I also feel that no password discussion is complete without mention of at least one “password replacement scheme”. There are a few of them, but my favorite is SQRL, which implements a special type of public-key encryption so that users never enter passwords. Instead of entering a username and password, a user basically signs a login-token to assert their identity; then the user is logged on. It’s had a lot of problems worked out, but so far has very low adoption. I think because people are just used to the username+password paradigm, and change is hard.



The problem with long passwords is they’re hard to type on a phone. It’s tricky to find a system for making passwords that can be typed easily on a phone. Consider:

  • Emoji seem like a good idea, except that you don’t know if the next system release will bury your smiley and promote a nearly identical smiley, perhaps with a Unicode variant (e.g. skin color.)

  • Long words are hard to type, but not as hard as long ANYTHING ELSE.
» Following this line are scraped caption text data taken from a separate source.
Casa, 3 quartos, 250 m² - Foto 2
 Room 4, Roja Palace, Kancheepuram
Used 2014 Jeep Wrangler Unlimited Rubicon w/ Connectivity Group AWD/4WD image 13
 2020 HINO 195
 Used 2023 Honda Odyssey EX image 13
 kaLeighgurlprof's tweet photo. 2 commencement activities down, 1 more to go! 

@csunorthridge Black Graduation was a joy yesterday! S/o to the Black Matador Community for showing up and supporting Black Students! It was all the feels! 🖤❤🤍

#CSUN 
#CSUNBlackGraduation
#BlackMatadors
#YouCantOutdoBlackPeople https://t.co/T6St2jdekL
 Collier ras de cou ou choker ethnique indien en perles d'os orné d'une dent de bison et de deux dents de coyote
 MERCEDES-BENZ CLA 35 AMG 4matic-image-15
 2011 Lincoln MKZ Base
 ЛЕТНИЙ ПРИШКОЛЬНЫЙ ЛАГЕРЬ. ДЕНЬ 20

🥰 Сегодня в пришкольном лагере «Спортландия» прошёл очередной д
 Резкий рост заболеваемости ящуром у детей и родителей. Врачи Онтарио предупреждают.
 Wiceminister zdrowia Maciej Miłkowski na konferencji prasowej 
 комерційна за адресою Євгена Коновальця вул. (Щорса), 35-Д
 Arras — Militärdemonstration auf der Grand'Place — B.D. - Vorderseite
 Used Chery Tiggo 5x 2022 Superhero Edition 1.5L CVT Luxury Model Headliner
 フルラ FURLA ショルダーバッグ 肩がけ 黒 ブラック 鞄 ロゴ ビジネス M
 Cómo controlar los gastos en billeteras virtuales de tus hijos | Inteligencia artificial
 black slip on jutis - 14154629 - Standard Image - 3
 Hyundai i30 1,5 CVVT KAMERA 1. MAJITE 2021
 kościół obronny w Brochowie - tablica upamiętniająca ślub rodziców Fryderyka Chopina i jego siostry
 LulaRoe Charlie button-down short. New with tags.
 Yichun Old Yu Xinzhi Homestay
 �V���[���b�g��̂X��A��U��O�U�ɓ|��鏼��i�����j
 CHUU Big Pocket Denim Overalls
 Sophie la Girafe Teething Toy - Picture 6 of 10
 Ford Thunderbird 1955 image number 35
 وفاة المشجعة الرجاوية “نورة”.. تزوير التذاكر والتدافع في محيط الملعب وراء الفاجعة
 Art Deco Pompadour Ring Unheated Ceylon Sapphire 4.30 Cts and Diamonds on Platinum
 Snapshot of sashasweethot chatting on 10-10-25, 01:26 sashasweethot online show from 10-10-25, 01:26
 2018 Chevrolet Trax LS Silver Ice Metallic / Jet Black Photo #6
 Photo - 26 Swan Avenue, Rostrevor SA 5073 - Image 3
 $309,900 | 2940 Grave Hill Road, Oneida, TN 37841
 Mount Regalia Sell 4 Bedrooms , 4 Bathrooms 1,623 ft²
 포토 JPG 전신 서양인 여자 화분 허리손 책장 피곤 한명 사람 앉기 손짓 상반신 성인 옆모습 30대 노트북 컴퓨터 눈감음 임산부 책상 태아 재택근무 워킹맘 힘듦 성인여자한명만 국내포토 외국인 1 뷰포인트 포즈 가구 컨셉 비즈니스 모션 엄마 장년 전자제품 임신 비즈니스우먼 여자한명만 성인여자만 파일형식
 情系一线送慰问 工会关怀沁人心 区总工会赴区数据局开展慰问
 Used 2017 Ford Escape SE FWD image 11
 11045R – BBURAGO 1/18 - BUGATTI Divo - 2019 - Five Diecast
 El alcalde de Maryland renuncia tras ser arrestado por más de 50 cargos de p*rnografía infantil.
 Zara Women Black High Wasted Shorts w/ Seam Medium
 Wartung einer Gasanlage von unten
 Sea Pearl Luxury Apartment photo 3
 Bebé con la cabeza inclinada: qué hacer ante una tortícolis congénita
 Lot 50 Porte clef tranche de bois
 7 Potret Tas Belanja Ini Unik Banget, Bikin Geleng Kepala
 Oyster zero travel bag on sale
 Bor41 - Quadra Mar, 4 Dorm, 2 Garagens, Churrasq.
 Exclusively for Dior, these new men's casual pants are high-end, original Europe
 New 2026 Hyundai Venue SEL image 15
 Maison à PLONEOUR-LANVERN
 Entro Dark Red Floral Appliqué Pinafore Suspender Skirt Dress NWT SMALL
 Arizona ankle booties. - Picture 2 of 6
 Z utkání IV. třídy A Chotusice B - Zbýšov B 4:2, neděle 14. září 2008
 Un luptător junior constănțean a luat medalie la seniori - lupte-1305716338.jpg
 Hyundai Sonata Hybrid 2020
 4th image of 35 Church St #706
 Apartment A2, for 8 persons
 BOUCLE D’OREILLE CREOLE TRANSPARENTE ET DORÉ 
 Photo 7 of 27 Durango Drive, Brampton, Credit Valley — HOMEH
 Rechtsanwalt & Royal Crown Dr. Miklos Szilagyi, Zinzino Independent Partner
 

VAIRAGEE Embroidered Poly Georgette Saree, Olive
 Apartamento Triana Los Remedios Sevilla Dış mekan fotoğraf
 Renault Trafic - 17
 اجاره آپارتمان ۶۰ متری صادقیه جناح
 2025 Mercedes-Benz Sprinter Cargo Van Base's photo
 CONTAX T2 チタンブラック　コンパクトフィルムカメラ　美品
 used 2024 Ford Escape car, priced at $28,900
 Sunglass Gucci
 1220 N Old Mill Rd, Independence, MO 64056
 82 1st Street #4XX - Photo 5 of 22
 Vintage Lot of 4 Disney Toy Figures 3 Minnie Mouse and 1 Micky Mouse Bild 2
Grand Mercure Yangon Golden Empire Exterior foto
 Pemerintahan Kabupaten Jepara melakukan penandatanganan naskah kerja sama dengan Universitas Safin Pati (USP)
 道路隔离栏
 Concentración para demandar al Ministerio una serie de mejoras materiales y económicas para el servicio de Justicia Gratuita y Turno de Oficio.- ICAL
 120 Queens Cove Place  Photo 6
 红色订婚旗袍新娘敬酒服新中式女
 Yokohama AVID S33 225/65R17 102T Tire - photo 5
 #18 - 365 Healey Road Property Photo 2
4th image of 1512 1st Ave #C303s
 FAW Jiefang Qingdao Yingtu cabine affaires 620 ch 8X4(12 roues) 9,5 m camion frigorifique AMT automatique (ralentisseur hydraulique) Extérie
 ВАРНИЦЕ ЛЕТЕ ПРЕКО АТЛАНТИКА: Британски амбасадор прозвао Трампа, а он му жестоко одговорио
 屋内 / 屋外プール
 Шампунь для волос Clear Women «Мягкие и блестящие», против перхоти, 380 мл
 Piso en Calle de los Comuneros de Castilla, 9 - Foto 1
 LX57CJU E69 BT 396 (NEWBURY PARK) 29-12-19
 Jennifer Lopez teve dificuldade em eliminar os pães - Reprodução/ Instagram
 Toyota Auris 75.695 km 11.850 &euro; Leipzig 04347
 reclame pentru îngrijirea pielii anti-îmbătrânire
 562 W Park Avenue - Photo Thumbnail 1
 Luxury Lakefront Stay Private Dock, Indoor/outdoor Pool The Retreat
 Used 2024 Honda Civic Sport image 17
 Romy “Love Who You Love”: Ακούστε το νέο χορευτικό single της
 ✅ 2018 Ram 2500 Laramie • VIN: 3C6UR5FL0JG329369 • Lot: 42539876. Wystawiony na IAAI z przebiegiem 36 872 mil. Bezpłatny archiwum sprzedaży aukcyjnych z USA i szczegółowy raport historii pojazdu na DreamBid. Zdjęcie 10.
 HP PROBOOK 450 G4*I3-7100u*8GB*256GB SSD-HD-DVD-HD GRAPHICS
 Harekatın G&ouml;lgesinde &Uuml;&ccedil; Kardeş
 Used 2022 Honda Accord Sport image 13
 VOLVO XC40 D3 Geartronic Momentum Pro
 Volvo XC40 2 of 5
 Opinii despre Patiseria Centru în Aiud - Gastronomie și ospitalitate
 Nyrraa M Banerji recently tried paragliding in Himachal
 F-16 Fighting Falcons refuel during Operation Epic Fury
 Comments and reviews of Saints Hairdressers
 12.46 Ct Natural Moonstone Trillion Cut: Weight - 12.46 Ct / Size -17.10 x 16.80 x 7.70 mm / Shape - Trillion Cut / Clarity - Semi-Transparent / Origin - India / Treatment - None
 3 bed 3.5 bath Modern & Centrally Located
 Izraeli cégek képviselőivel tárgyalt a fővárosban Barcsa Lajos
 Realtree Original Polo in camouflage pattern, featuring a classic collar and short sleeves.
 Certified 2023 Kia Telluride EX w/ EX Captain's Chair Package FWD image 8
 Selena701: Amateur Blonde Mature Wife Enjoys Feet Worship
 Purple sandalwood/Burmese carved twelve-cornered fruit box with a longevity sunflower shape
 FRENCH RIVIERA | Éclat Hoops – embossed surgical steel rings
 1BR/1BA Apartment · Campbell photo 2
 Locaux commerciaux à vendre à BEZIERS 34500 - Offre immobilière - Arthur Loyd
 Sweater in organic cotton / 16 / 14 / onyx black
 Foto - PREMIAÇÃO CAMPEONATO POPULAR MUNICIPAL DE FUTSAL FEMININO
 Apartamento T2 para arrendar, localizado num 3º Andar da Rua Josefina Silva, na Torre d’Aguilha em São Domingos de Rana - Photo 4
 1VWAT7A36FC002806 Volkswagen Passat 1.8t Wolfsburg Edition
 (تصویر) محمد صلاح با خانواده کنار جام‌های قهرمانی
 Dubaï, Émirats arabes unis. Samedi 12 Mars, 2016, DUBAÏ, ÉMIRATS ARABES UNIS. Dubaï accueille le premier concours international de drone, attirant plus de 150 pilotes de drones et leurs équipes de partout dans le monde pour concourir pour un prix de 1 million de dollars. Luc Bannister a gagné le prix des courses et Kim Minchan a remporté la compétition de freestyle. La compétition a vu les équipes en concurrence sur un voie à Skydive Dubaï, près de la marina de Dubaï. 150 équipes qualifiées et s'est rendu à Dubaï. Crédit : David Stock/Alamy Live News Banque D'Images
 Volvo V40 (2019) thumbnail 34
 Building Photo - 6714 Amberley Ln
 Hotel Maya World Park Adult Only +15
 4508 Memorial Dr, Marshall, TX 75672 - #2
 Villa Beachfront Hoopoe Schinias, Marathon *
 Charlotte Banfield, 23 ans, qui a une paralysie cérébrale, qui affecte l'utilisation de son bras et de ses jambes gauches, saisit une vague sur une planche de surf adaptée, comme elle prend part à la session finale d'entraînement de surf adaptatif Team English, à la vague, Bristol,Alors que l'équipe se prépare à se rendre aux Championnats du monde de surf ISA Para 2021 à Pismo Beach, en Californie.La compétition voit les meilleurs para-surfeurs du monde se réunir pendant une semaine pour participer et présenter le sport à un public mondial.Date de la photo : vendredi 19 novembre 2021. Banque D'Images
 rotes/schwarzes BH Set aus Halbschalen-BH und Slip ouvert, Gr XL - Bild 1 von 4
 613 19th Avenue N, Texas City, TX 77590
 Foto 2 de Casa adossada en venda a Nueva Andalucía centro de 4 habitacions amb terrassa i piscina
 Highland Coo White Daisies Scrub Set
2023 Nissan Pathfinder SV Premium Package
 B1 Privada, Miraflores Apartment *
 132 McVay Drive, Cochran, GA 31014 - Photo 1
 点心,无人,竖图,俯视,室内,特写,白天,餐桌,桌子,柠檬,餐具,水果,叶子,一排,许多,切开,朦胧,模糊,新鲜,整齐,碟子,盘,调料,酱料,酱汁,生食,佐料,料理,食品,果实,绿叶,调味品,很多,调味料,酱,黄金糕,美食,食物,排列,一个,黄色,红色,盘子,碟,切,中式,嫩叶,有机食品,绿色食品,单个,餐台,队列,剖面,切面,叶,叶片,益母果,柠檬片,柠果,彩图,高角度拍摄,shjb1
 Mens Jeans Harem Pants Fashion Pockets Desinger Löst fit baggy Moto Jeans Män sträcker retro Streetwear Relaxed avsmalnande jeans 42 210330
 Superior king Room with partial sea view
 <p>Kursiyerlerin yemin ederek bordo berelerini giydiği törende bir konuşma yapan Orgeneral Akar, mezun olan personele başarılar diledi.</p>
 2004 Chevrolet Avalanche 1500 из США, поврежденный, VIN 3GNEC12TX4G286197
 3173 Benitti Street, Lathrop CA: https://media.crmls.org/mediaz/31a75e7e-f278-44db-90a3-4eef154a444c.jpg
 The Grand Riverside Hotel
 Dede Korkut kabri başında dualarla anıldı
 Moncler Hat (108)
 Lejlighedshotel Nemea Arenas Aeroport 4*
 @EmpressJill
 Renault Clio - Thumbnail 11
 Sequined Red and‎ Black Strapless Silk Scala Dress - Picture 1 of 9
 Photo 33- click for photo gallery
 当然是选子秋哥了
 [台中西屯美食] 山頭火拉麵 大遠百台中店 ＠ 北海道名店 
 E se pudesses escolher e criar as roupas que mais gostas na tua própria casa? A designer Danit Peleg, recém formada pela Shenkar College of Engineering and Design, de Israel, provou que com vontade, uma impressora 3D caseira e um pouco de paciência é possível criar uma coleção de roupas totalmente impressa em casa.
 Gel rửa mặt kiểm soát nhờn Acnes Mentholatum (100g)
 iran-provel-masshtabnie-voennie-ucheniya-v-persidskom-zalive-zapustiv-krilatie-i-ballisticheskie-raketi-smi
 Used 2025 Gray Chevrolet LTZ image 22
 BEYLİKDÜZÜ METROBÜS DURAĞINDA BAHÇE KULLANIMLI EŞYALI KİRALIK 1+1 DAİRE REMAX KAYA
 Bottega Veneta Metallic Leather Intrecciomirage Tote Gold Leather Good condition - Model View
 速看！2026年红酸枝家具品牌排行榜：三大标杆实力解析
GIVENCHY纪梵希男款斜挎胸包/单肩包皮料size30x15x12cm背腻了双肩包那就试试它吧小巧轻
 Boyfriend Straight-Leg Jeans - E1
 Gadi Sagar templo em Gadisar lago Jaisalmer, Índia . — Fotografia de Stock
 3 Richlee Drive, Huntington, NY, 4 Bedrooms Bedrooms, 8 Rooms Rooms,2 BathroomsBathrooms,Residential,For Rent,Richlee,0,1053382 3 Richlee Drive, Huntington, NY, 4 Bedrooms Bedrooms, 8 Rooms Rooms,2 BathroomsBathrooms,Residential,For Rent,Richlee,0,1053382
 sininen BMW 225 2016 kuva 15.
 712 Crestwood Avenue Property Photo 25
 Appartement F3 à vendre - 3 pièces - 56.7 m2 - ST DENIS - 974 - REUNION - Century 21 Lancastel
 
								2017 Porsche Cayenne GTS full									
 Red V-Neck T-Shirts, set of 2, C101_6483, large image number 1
  • Switching from characters to digits is annoying; switching to other characters is doubly annoying

  • Clustering character types may be easier: once you get to your digit or punctuation keyboard, it may be worthwhile to include several such characters—assuming they don’t kick you back to the alphabetical keyboard.

  • On the same note, ending a string of numbers with a character that kicks you back to the alphabetical keyboard may be convenient.

  • Space is always the easiest character to type.

  • Your next phone might change the rules entirely, making easy combinations hard and vice-versa.

As others have commented, Unicode is problematic because many characters are interchangeable and depend on the keyboard mapping. Personally, I use Diceware as a starting point for passwords I need to remember. Even adding one Diceware word to a password can improve the entropy in a fairly memorable way.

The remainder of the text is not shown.